• **Assigned task**
The response must contain each line of the material that holds "Pants".

• **Materials provided**
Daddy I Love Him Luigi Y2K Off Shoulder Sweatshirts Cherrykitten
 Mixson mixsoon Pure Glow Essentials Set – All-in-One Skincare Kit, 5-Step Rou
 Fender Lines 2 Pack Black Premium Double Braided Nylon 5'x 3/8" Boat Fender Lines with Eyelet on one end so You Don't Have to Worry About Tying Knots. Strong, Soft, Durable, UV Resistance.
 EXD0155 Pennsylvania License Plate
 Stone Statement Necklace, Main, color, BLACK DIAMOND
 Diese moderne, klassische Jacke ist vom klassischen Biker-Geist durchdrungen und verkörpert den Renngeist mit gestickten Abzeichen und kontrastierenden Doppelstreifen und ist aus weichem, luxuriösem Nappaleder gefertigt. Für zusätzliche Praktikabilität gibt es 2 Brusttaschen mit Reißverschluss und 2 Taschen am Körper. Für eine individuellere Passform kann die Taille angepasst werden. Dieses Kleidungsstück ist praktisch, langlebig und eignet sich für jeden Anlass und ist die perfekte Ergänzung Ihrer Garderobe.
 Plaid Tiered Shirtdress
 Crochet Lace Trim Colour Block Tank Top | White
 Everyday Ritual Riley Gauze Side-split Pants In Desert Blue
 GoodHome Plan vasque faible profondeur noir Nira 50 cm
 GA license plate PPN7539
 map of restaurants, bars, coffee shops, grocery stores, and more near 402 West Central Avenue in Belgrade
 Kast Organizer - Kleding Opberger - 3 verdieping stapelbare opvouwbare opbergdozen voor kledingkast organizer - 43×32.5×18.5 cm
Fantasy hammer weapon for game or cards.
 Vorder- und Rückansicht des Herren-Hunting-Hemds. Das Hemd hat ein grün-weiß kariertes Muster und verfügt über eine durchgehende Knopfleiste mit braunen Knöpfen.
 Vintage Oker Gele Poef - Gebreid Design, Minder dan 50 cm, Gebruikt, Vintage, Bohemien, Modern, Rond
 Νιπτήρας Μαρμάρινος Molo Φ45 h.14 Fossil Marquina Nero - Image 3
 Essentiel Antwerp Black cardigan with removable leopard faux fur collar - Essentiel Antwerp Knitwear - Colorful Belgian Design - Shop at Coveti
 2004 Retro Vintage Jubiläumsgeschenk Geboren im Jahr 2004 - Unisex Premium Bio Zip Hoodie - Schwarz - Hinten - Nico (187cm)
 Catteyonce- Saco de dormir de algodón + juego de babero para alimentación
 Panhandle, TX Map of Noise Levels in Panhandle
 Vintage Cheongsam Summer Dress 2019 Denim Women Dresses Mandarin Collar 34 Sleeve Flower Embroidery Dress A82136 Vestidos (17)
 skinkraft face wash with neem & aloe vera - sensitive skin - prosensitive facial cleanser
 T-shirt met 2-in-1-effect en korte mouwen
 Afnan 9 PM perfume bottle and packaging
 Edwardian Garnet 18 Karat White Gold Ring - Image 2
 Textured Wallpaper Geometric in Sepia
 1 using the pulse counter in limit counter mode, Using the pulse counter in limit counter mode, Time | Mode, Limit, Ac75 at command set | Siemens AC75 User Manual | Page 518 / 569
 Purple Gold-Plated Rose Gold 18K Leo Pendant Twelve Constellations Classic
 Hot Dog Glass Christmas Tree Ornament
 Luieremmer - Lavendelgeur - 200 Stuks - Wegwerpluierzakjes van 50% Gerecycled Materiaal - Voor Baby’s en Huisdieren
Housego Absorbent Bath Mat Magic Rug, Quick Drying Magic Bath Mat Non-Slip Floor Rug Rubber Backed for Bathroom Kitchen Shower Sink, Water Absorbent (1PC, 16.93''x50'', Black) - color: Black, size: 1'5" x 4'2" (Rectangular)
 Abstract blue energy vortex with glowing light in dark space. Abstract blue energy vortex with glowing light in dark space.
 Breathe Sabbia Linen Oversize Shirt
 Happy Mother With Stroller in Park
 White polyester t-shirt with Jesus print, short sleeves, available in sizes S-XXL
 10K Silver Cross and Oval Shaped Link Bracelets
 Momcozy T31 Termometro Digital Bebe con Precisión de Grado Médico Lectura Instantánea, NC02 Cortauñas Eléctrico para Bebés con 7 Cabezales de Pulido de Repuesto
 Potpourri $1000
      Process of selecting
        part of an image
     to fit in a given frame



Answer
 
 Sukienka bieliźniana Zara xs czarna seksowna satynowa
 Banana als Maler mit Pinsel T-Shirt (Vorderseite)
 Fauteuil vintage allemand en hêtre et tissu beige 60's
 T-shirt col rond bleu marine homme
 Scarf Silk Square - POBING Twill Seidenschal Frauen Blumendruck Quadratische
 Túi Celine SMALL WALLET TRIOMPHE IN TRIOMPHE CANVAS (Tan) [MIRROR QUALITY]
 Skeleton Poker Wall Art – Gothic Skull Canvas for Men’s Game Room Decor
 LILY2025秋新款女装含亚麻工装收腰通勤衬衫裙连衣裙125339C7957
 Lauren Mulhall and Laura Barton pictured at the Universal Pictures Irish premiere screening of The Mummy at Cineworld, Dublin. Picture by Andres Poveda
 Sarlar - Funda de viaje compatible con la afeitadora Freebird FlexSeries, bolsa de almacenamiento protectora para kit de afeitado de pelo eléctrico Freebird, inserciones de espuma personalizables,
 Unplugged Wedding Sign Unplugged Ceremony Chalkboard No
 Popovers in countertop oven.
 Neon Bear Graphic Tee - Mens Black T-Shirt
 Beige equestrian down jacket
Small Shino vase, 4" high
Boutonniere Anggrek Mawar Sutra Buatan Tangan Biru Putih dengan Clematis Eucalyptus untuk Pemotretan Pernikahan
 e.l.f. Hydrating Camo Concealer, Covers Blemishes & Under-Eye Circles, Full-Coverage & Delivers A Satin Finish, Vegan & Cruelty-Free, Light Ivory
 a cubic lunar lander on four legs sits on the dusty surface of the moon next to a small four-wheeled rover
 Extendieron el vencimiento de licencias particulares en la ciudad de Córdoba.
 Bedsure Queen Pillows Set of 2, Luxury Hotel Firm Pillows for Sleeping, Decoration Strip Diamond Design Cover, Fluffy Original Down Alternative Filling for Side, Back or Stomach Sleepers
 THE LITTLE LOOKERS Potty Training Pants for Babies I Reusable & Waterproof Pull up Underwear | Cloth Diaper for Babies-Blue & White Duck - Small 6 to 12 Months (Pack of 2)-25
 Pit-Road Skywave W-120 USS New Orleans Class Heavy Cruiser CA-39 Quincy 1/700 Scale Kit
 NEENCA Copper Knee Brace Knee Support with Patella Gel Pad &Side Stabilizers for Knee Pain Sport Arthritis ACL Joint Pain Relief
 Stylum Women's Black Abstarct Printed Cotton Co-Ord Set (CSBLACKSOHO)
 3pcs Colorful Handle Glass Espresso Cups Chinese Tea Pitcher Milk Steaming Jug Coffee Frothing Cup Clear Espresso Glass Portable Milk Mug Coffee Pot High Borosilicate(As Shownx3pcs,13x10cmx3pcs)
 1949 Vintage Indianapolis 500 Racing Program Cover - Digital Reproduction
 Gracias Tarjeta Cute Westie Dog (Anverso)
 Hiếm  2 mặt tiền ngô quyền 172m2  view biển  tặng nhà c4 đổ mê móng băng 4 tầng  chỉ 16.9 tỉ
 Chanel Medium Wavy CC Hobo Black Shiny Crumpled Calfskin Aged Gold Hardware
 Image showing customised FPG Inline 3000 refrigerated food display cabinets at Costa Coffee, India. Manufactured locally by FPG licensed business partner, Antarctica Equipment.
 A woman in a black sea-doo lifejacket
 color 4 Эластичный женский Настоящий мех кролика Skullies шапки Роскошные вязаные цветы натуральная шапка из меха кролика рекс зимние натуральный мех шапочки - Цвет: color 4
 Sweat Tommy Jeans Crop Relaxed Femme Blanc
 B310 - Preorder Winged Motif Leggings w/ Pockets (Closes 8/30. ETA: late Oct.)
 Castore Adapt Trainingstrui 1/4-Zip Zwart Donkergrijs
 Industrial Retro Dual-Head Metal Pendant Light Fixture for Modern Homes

• **Solution for this exercise**
 Everyday Ritual Riley Gauze Side-split Pants In Desert Blue
 THE LITTLE LOOKERS Potty Training Pants for Babies I Reusable & Waterproof Pull up Underwear | Cloth Diaper for Babies-Blue & White Duck - Small 6 to 12 Months (Pack of 2)-25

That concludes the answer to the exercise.